SQLite - Balancing IO and memory

The jswzl project files are just SQLite databases. And database optimization is difficult, especially when you do silly things like storing multi-megabyte blobs. Structuring data correctly becomes a real art.

At large project sizes, IO speed becomes crucial very quickly. The alternative is to rely less on IO and keep more in memory. But even then, you can only keep so much in memory if your project file is 50GB+. Most people don’t have more than 16-32GB memory in their machines. 

Another interesting dilemma is the idea of compression. Currently, sources are compressed to minimize file size, and thus, how many pages have to be read from disk on query. 

Pros: 

• The file size is minimized
• Rows are smaller, which should make query performance better

Cons:

• For sources that are loaded, there’s a compression step necessary, which is a CPU-bound task
• Slight transient memory increases as the data is (de)compressed.  

‍

Burp Suite

Ah, good ol’ Burp Suite. It’s a great tool, but for these purposes, it only serves one role: To proxy the traffic and ship it off to jswzl. This means we want to reduce any overhead from it as much as possible.

This is easier said than done. It required a lot of tweaking and messing around with Burp to make it stable and not eventually crash.

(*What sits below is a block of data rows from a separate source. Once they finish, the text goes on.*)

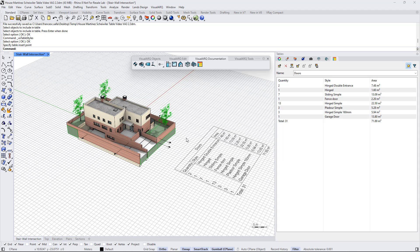And that's been an overview of the table report tool in VisualARQ to generate quantity takeoffs. Thanks for watching.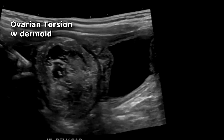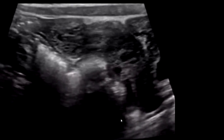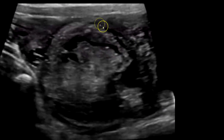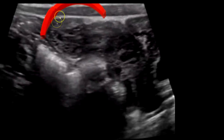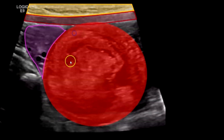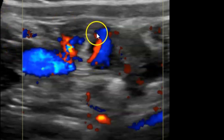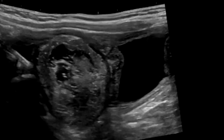Here's another example of ovarian torsion, this one caused by a large ovarian mass which turned out to be a dermoid or teratoma. A clip going through the lesion shows a bit of ovary and the dermoid, and you can see the volvulus of the adnexa — that's where the twisting and torsion occur. In the labeled image, the ovary with little follicles is shown in purple, along with the dermoid, the rectus abdominis muscle, and the subcutaneous adipose tissue. With color Doppler, you can see the volvulus of the adnexa with the classic whirlpool sign.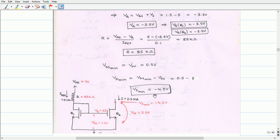Now we can substitute all computed values into the original circuit, and the final circuit can be drawn as shown in the figure.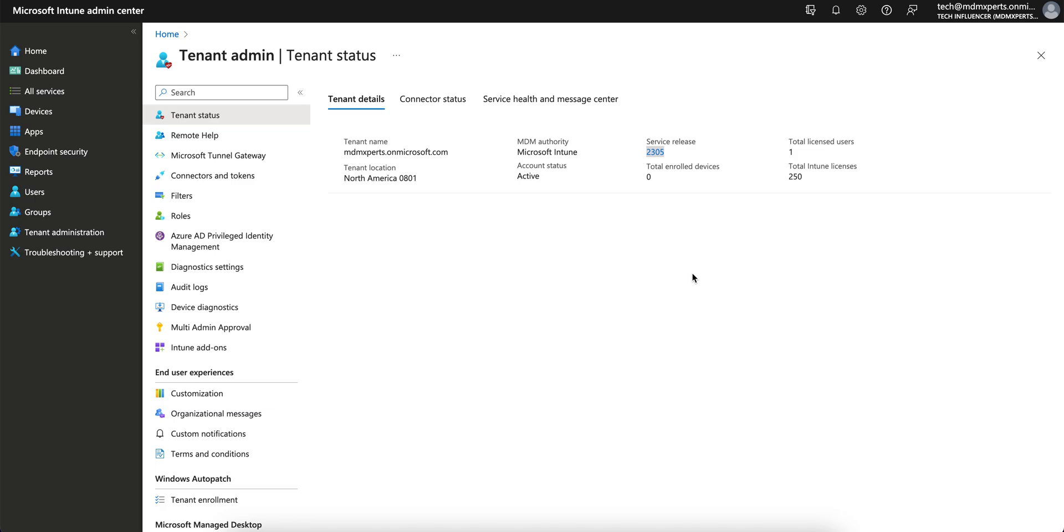Because now we all are using Android Enterprise in different modes, right? The work profile mode, COBO, or whatever you call it. Normally being an admin, this feature will start from your Intune tenant service release 2307.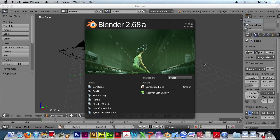This is another Blender 2.68 tutorial. This time we'll cover how to do the lighthouse for the landscape project.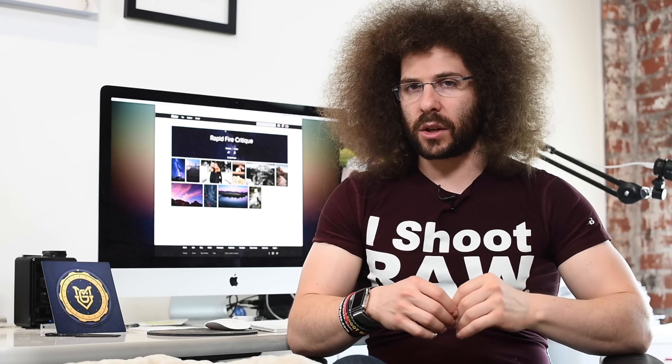Jared Polin, froknowsphoto.com, and welcome back to another rapid fire critique where I take your best 10 images and give them a critiquing or critiquerson.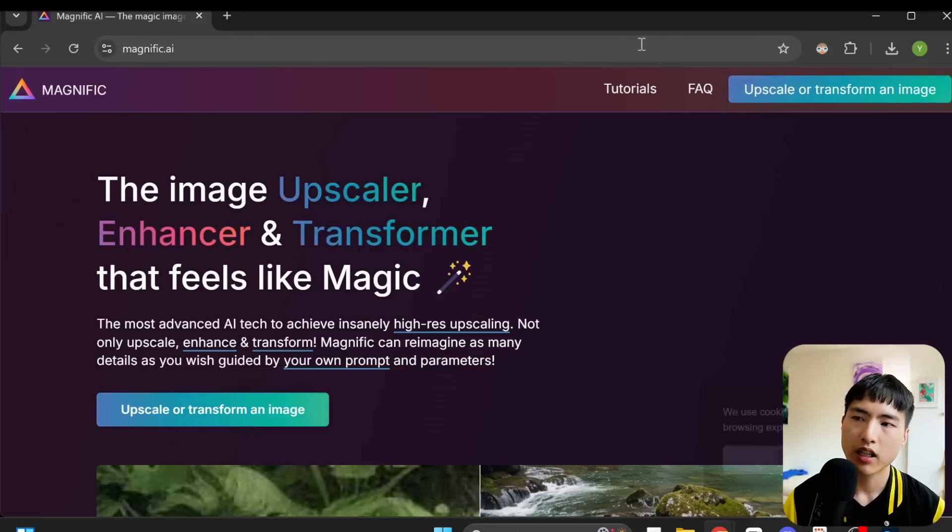You could directly use these images to generate a video, but I'm going to take an optional extra step and upscale the resolution of these images, which is going to give us a little bit of extra detail and sharpness in the AI video. You can skip this step though, it's not essential.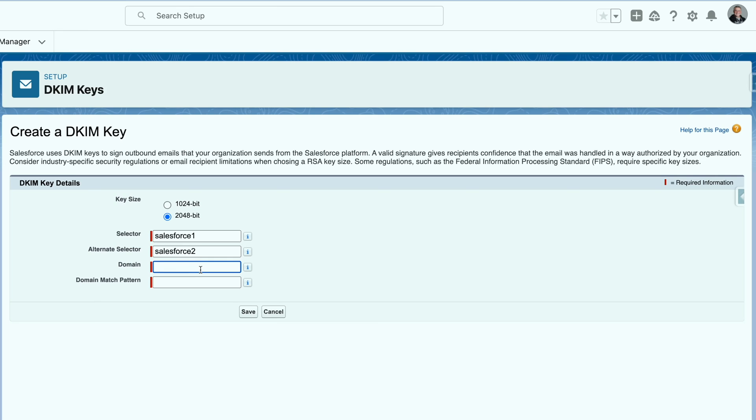Now your domain is going to be the domain that you send your emails from. Domain matching pattern is going to also be the same, unless you have subdomains you email from.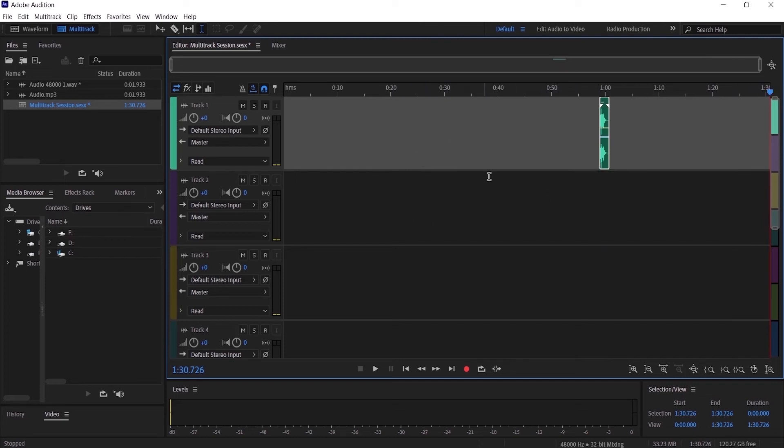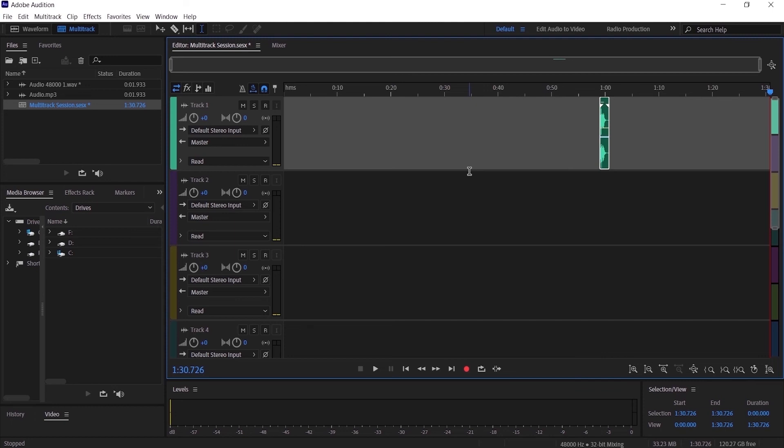So essentially, the more audio you put in, the longer your multitrack becomes. That was pretty much how you can change the duration of your multitrack session inside Adobe Audition. I hope this video was helpful for you.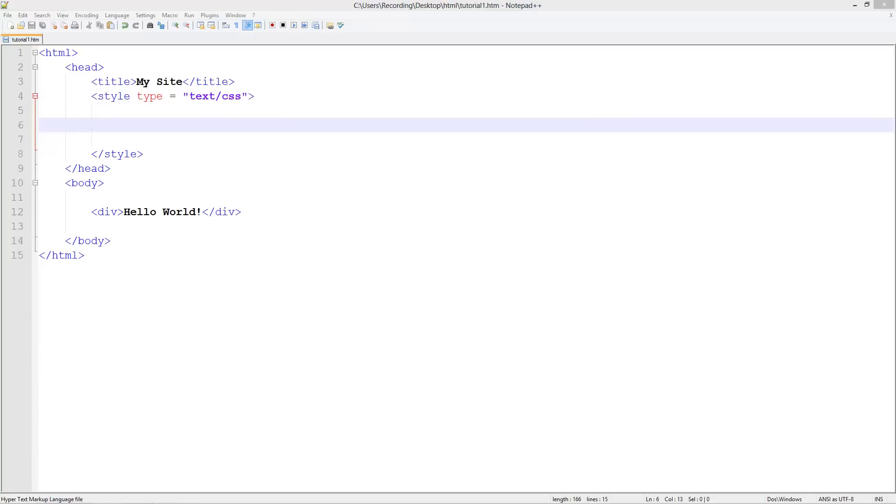Okay, so welcome to your 16th HTML and CSS tutorial. In this tutorial we're going to be looking at how to make something change using CSS when it's hovered over.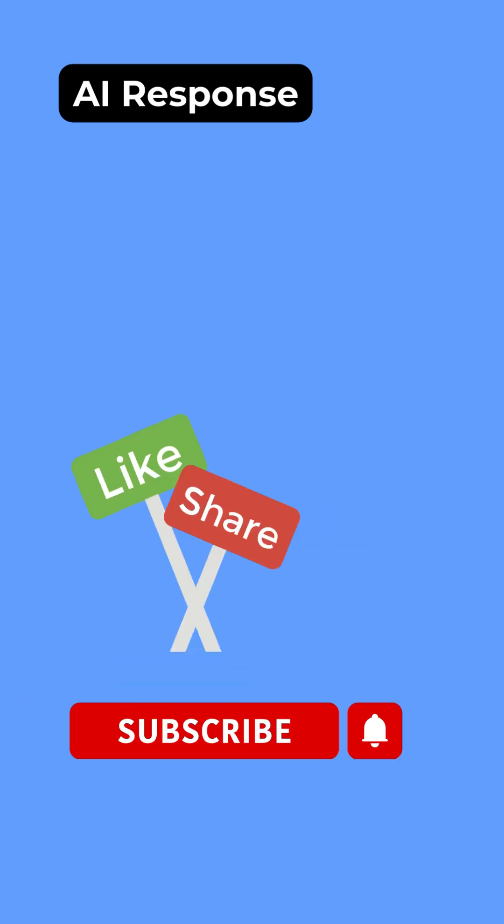So please remember to like and subscribe and please share this with others if you have found it useful. And next week we'll be bringing you another AI tip. Thank you very much.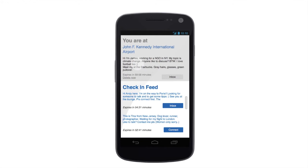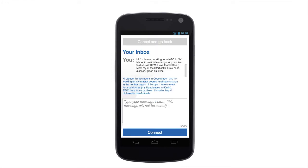In another case, someone saw James' check-in and wants to discuss climate change with him. James gets a notification, clicks on the inbox, and can see a message from a student from Copenhagen who is working on his master's degree in climate change and would love to meet James at the airport. The student also sent a link to his LinkedIn profile so James is able to check.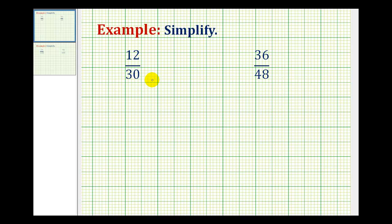We want to simplify the following fractions. A fraction is considered simplified if the numerator and denominator do not contain any common factors.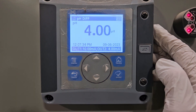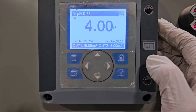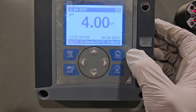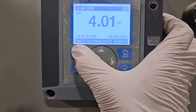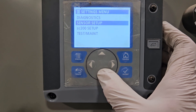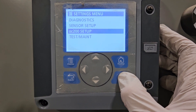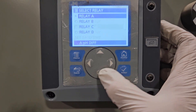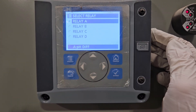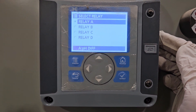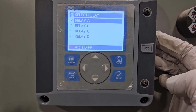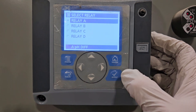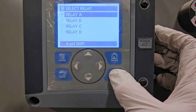For setting up the relay, Relay A is for caustic or lime type additions — alkaline additions. You go to the menu, go to SC200 setup, then to the relay setup. Relay A is for lime or caustic additions. Relay B is for acidic product conditions — acidic coagulant additions if you're using pH to control the addition of the coagulant.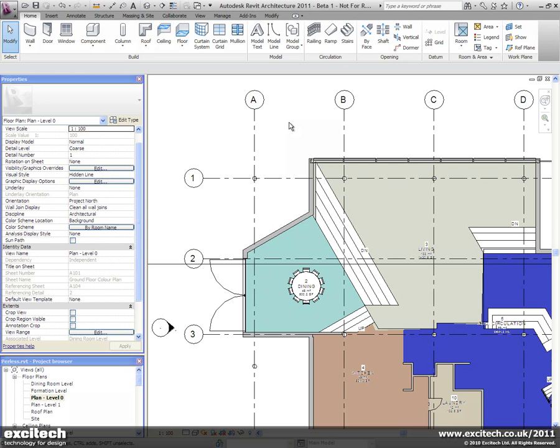There have been a number of improvements to the user interface in Revit 2011, but I think probably at the top of the list of those improvements is this new modeless properties palette.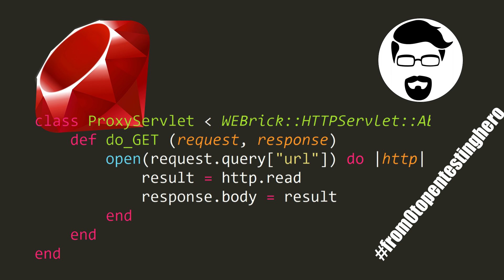Hi! Welcome to the next episode in the series named From Zero to Pentesting Hero, where we analyze code in search of security vulnerabilities. Today, we are going to talk about Ruby language. We will take a look at a simple implementation of the proxy server.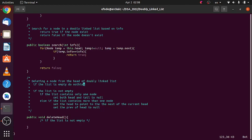When deleting a node from the head of a doubly linked list, we first check if the list is empty — if so, we do nothing. If it's not empty, we check two things: if the list contains only one node, we set both head and tail to null. Else, if the list contains more than one node, we set head to point to the next of the current head, then set the previous of the new head to null.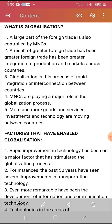More and more goods, services, investments and technology are moving between countries. In globalization, one country's trade with another industrial country happens, services develop, and through other countries, development occurs. All this process makes a web — this trade web is called globalization. Now let's look at the factors that have enabled globalization.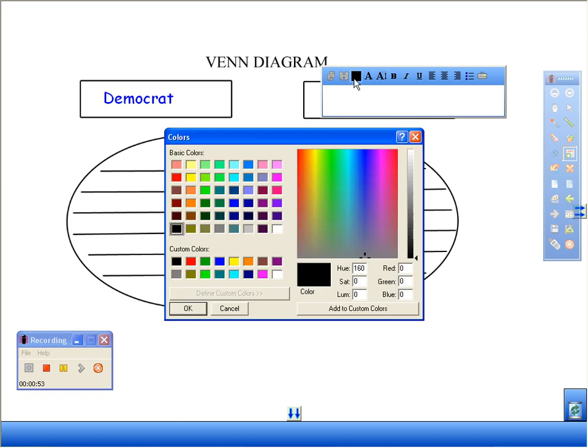I put the Republican in red. It helps my students visualize what it means to have a red state and a blue state.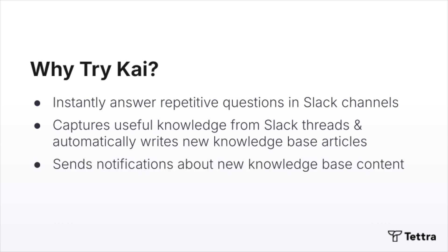And finally, Kai sends notifications right into Slack about new knowledge base content added to Tetra so your team actually reads what you're writing.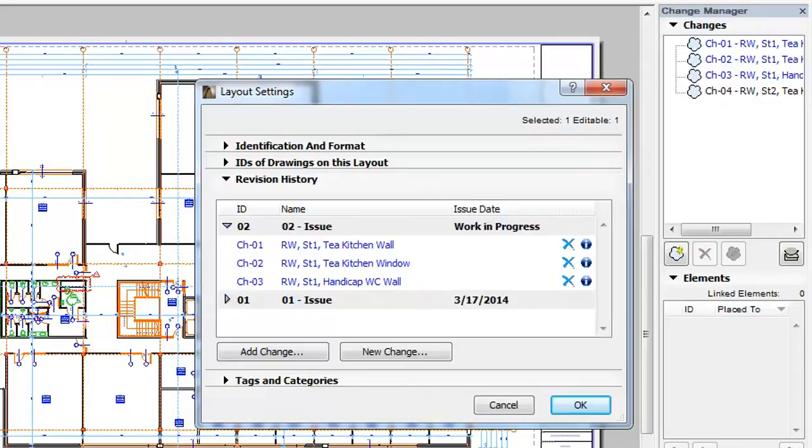If you activate the dialog, you can see the new Revision History panel as the third panel of the dialog.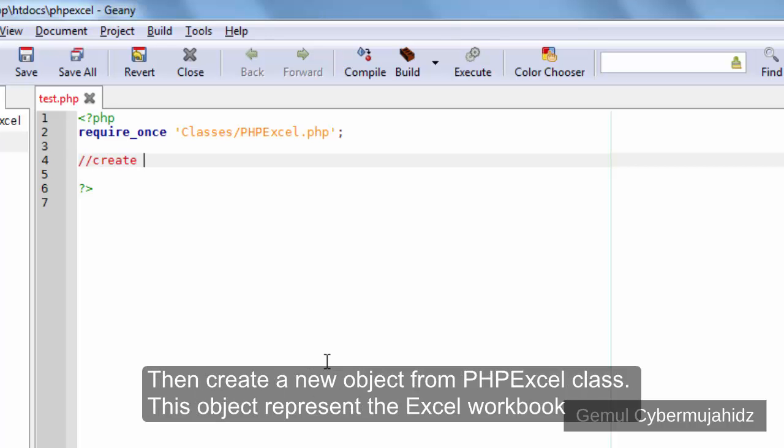Then create a new object from PHPExcel class. This object represents the Excel workbook.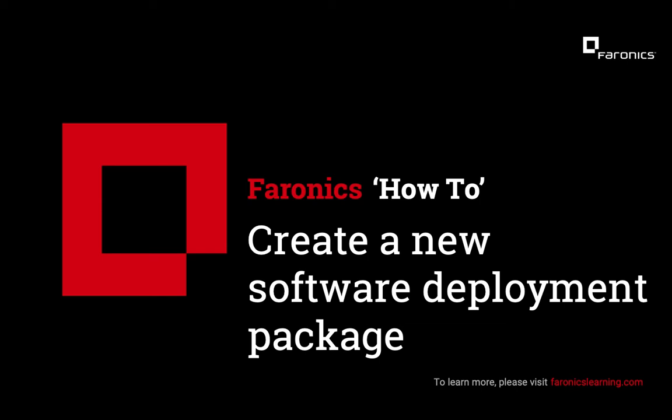Hi, I'm Tom in the product team at Pharonix. Welcome to this video that will show you how to create a new software deployment package in Pharonix Cloud Deep Freeze.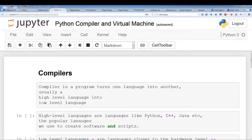What's going on guys? In this video we're going to talk about what a Python compiler is, the Python virtual machine slash interpreter, and what they do. So let's just get started.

It ended up being a combination of:

• Using a file-backed project, which was counter-intuitive
• Disable logging of out-of-scope requests
• Disable all active and passive tasks
• Disable the logger

Even then, you still see some weird behavior regarding memory allocation, which is more of an artifact of how the JVM and Windows handle virtual memory, only releasing pages as memory pressure occurs. 

‍

Next steps?

As mentioned, working with these large datasets is barely practical or helpful for most people. But if there’s one thing in software that is always exciting to ask and answer, it’s the question: How far can we take it? How fast/efficient can we make it? 

It’s pure hubris and far more a self-indulgent exploration of what is possible. But there’s one big question that arises from this:
What would happen if one used a different database engine, like PostgreSQL, instead of SQlite? Would it allow the system to scale further? The database is currently the most significant limiting factor in scaling. SQLite only scales so far in this use-case. But could a more fully-fledged engine do better?